Looking ahead, the sector’s path hinges upon deliberate funding in new technological developments and talent development programmes. Video-on-demand platforms are expected to drive expansion at approximately 7.4% per year through 2028, significantly exceeding traditional television and film segments. However, unlocking this potential requires collaborative action to modernise production facilities, cultivate tech-savvy creators and reinforce intellectual property protections across international markets. The report’s findings underscore the pressing need of proactive policy interventions to ensure South Korea maintains its competitive edge within the dynamic global entertainment landscape whilst safeguarding the ecosystem sustaining smaller production companies.
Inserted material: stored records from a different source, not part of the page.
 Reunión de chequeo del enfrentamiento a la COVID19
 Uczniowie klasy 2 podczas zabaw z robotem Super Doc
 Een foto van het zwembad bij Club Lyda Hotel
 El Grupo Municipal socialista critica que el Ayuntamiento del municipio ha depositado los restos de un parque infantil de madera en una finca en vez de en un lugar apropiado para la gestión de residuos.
- Intensifying competitive pressure from international streaming platforms undermines domestic market share
- Increasing filming budgets and talent acquisition challenges burden smaller production houses
- Swift technological advancement necessitates ongoing investment in equipment and staff development
- Regulatory complexity in multiple territories increases regulatory obligations considerably
- Consolidation trends risk diminish creative variety and independent production opportunities
State Backing and Talent Development
Government support mechanisms continue to be critical to maintaining the sector’s growth trajectory and protecting employment across micro and small enterprises. South Korea’s policymakers should focus on strategic investment for self-employed creators, technology training initiatives and infrastructure development to enhance the sector’s ability to endure against international competition. Tax relief measures, production grants and subsidised facilities access can create equal opportunities for independent firms whilst fostering innovation in new technologies and formats that characterise next-generation entertainment.
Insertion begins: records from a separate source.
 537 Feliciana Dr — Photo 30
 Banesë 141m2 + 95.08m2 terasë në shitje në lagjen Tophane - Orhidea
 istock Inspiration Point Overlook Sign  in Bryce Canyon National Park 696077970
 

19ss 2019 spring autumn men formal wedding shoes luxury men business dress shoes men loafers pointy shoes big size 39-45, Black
Funding for skills training initiatives addresses the sector’s biggest challenge: recruiting and keeping skilled professionals across production, technical and creative disciplines. University partnerships with higher education institutions, apprenticeship schemes and mentoring programmes can develop the next generation of Korean audiovisual creators whilst promoting creative enterprises. Enhanced support for new talent through incubation programmes and microfinance options would reinforce the landscape supporting smaller enterprises, guaranteeing the sector’s ongoing vitality and cultural relevance internationally.